::: SUPPLIED INFORMATION

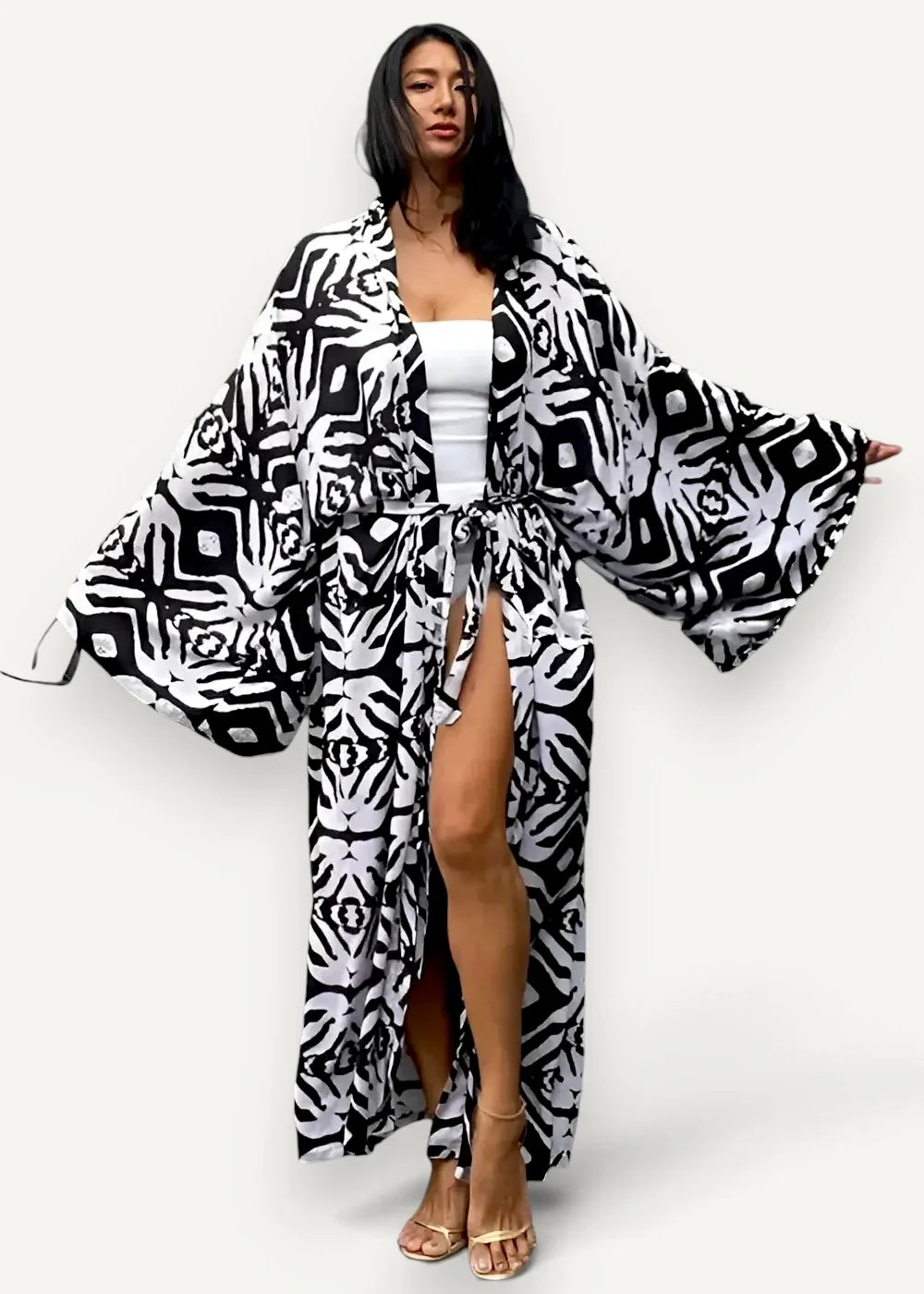 Black and white kimono-style robe with geometric pattern and wide sleeves shown from the back side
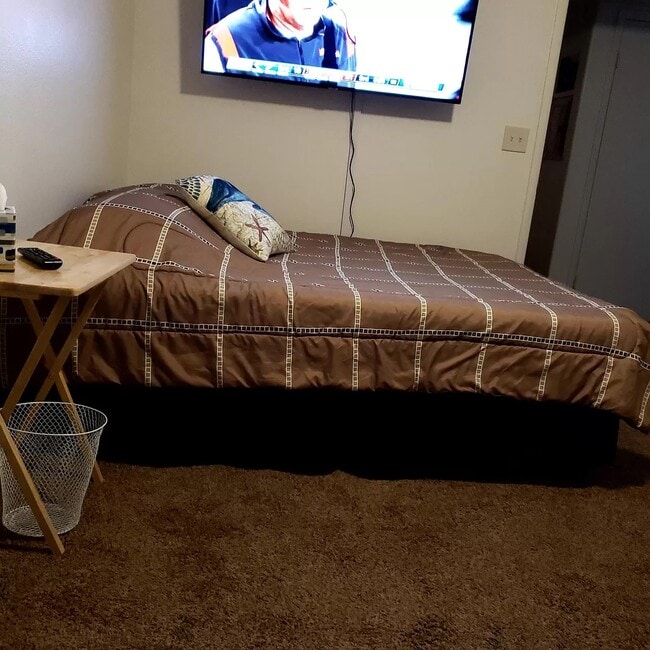 sofa view to Smart Samsung TV 2nd Bedroom - 5710 E Tropicana Ave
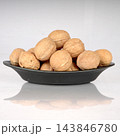 Front view of whole unshelled walnuts stacked in a black dish with reflection on white background 143846780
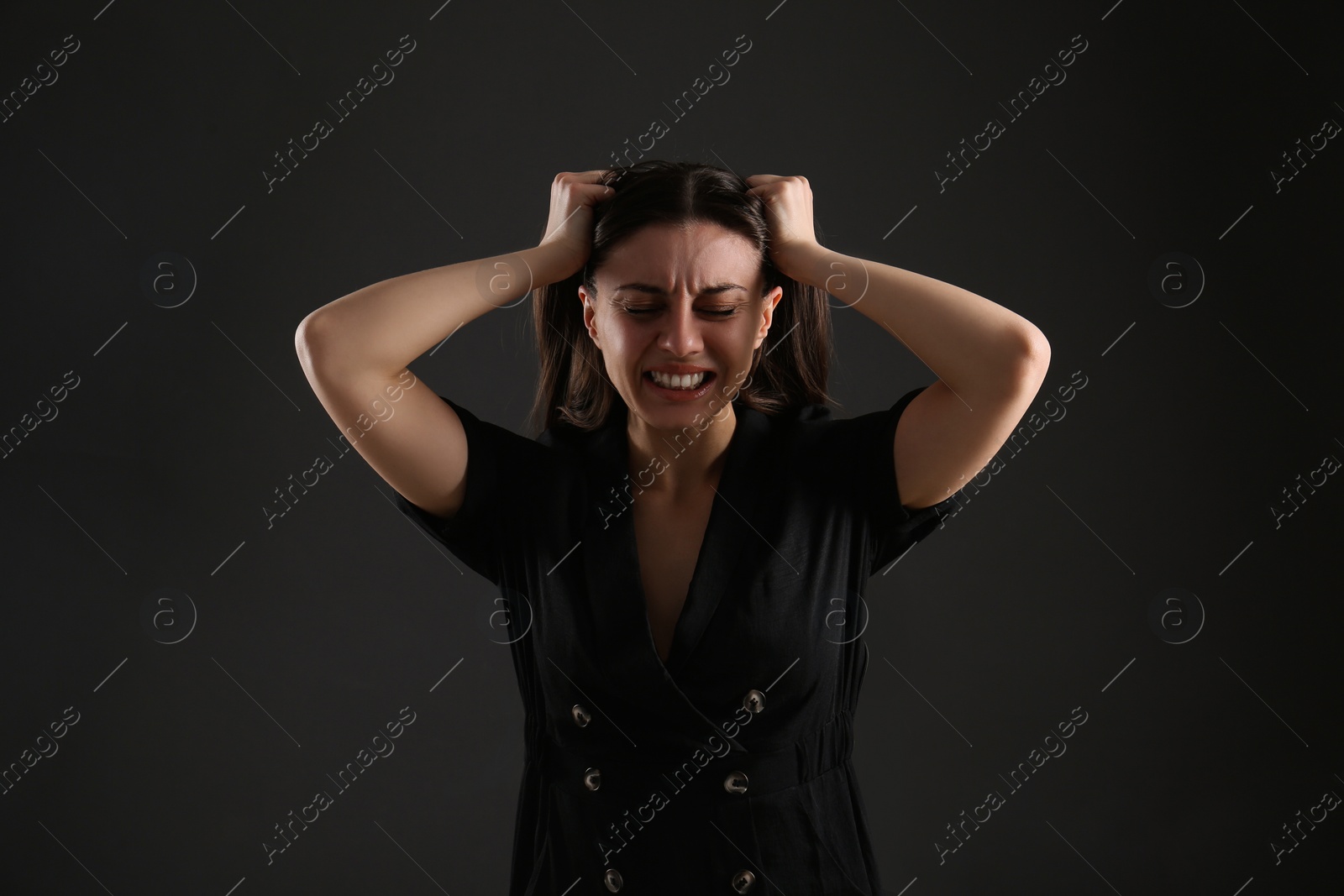 Photo of Portrait of emotional young woman on black background. Personality concept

::::::

_WORK TO COMPLETE_
Repeat the material exactly, without images.

_REPLY TO THE EXERCISE_
 Black and white kimono-style robe with geometric pattern and wide sleeves shown from the back side
 sofa view to Smart Samsung TV 2nd Bedroom - 5710 E Tropicana Ave
 Front view of whole unshelled walnuts stacked in a black dish with reflection on white background 143846780
 Photo of Portrait of emotional young woman on black background. Personality concept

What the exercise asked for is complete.